▸ Task brief
Reproduce word for word the line holding "a plate of food" and all lines after it in the data, through the end, leaving out pictures.

▸ The data
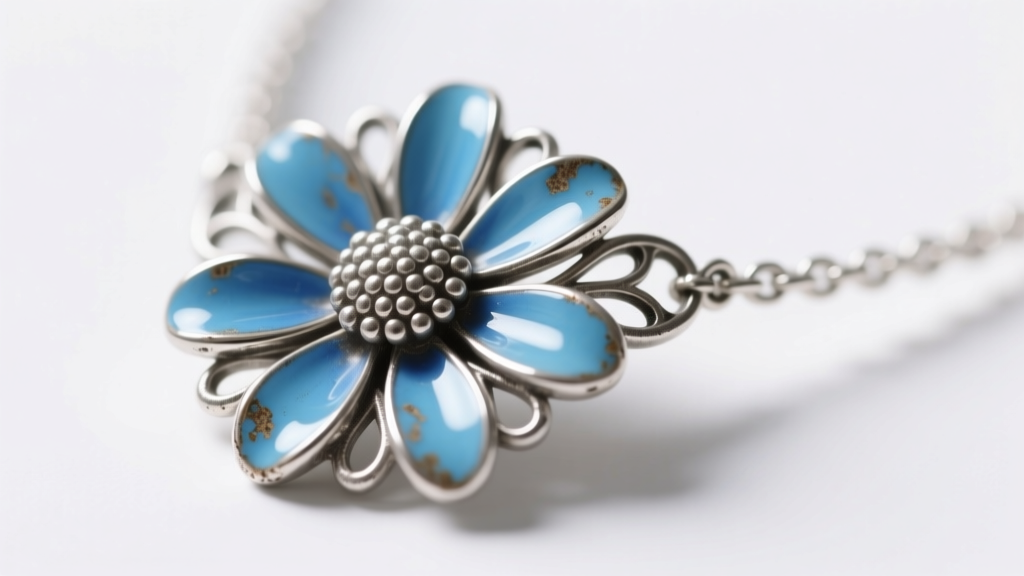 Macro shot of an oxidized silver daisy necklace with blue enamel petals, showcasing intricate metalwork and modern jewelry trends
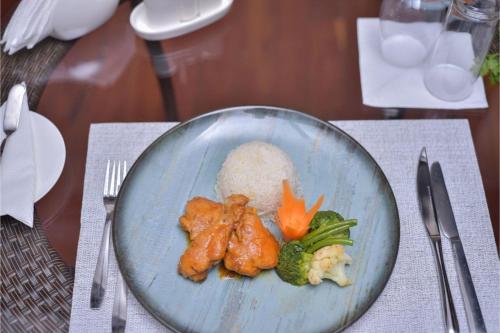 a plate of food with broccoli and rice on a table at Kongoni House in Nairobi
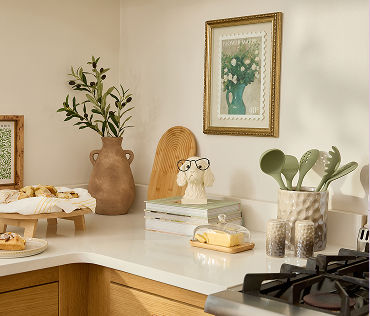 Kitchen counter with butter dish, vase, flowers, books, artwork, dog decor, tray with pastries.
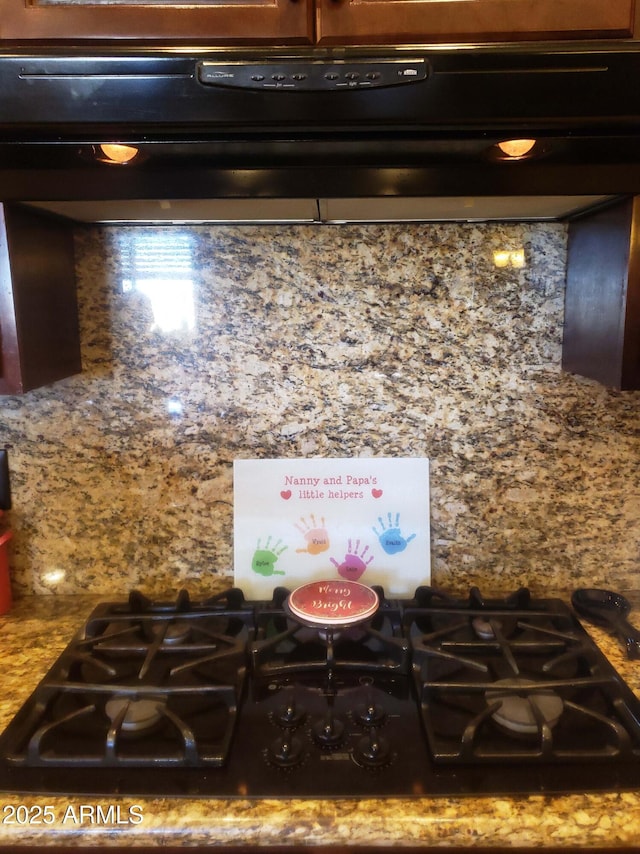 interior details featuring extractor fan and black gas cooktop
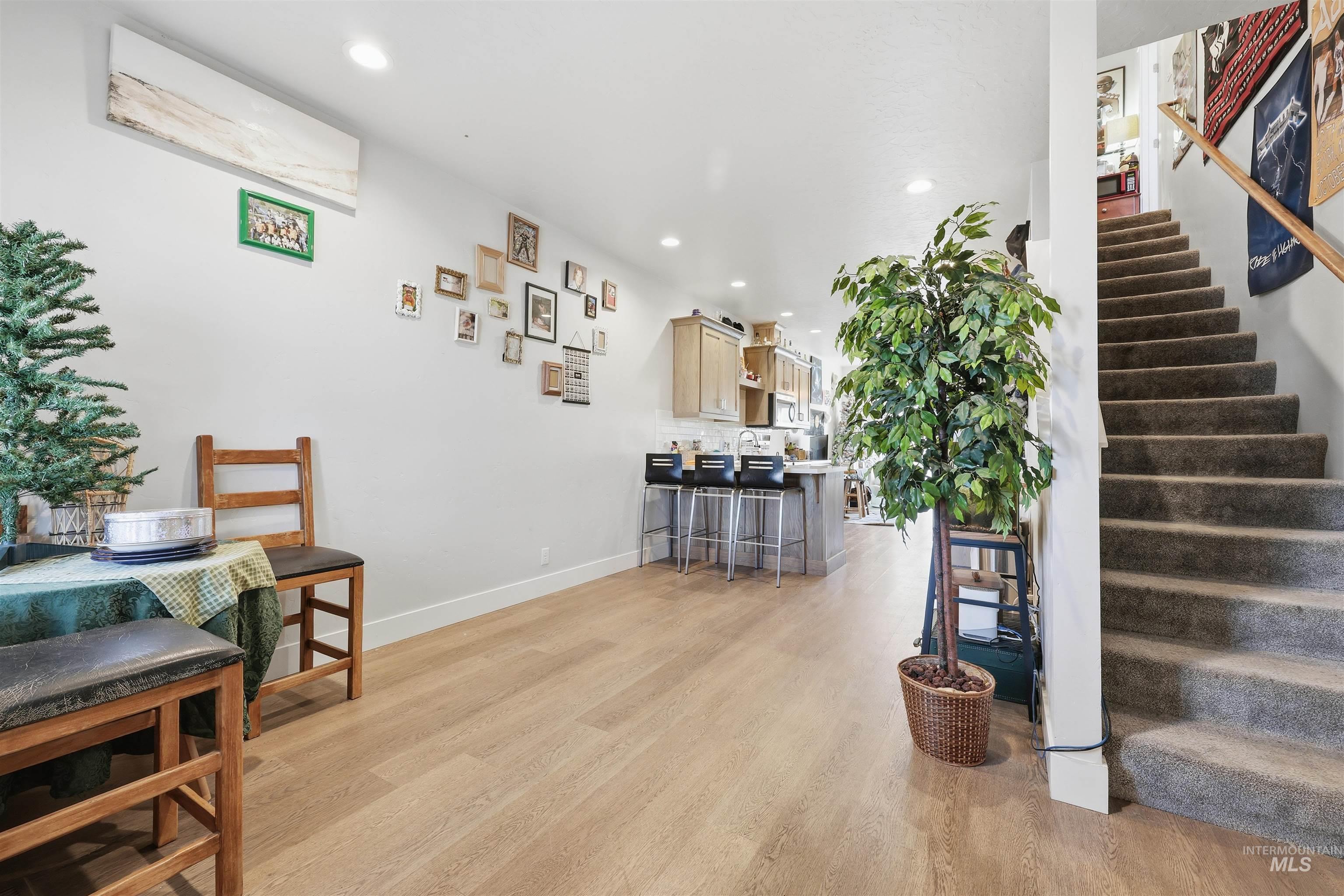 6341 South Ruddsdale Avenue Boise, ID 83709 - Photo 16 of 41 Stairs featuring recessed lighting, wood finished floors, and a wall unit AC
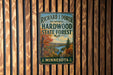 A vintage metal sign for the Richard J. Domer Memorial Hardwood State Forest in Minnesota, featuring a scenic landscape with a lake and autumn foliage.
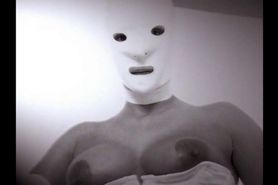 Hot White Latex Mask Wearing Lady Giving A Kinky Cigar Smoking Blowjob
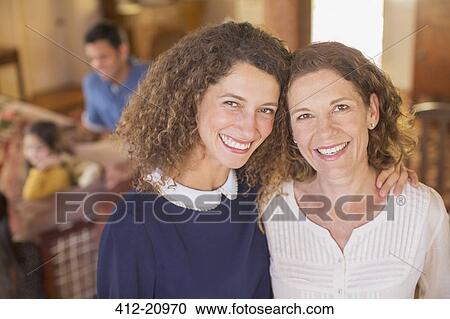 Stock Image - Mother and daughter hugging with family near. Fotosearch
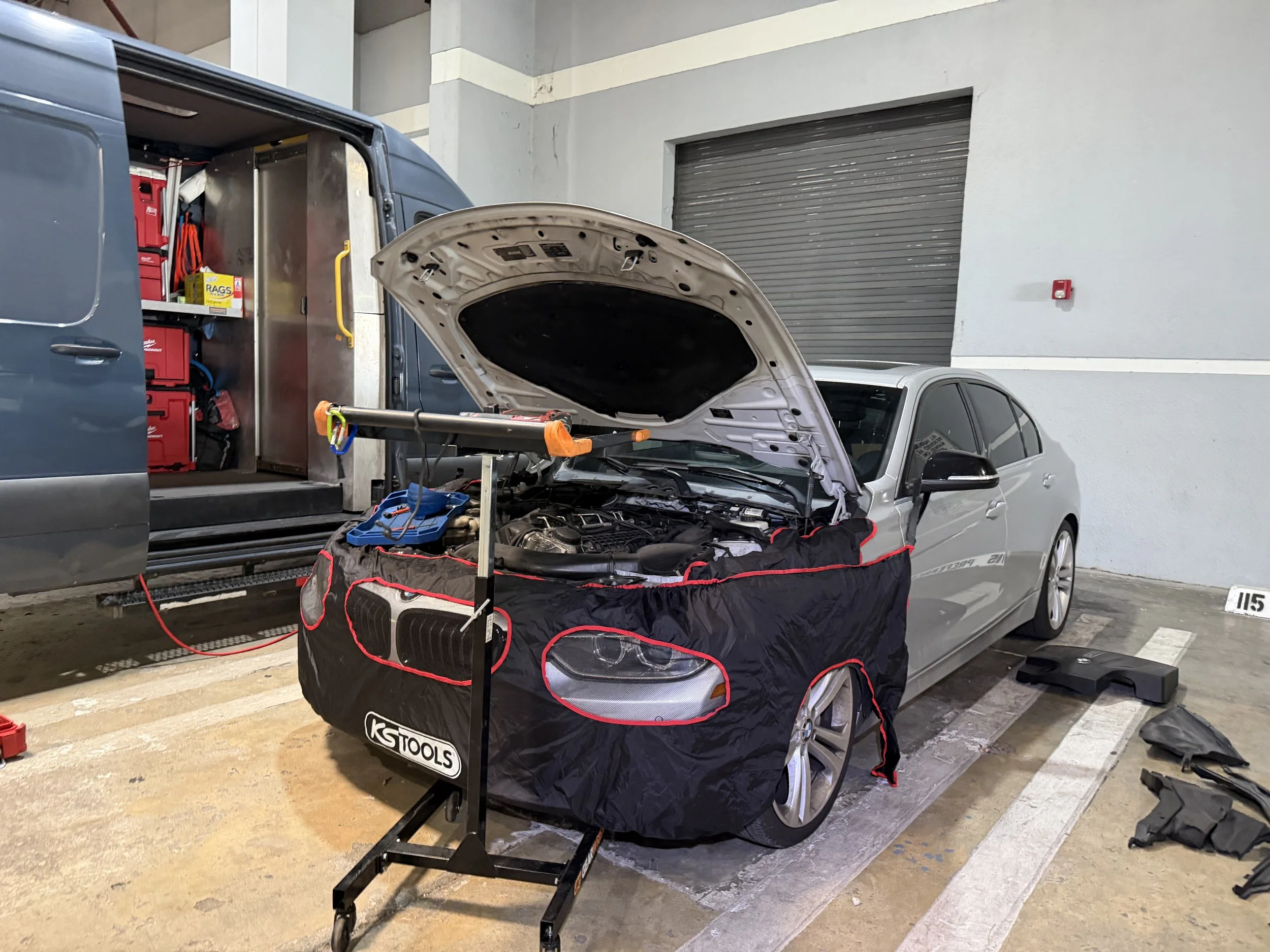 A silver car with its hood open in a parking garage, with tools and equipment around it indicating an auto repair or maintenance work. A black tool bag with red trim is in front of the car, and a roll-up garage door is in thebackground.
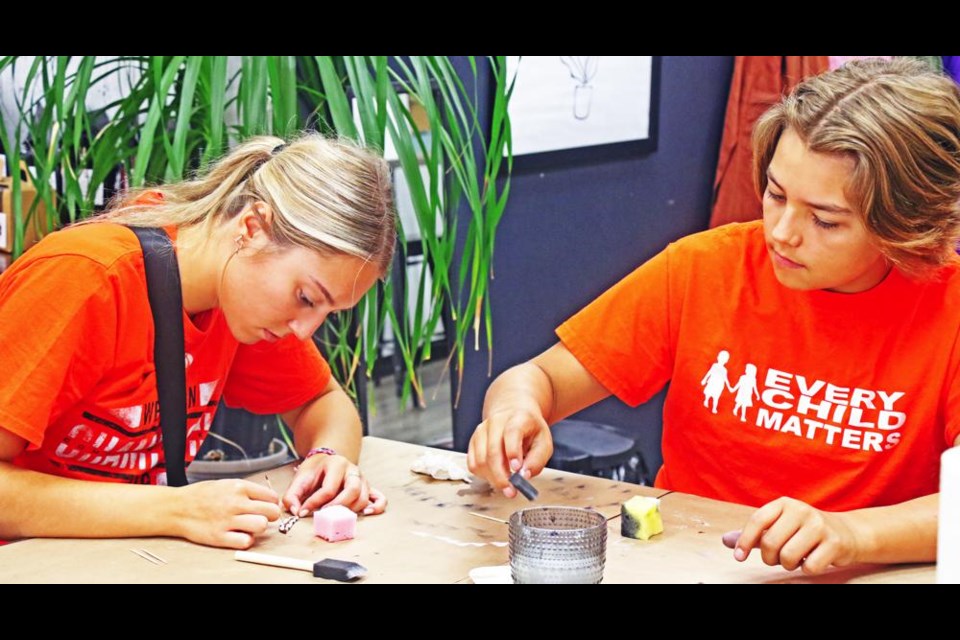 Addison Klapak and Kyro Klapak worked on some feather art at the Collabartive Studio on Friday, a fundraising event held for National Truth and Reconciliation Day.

▸ Task response
 a plate of food with broccoli and rice on a table at Kongoni House in Nairobi
 Kitchen counter with butter dish, vase, flowers, books, artwork, dog decor, tray with pastries.
 interior details featuring extractor fan and black gas cooktop
 6341 South Ruddsdale Avenue Boise, ID 83709 - Photo 16 of 41 Stairs featuring recessed lighting, wood finished floors, and a wall unit AC
 A vintage metal sign for the Richard J. Domer Memorial Hardwood State Forest in Minnesota, featuring a scenic landscape with a lake and autumn foliage.
 Hot White Latex Mask Wearing Lady Giving A Kinky Cigar Smoking Blowjob
 Stock Image - Mother and daughter hugging with family near. Fotosearch
 A silver car with its hood open in a parking garage, with tools and equipment around it indicating an auto repair or maintenance work. A black tool bag with red trim is in front of the car, and a roll-up garage door is in thebackground.
 Addison Klapak and Kyro Klapak worked on some feather art at the Collabartive Studio on Friday, a fundraising event held for National Truth and Reconciliation Day.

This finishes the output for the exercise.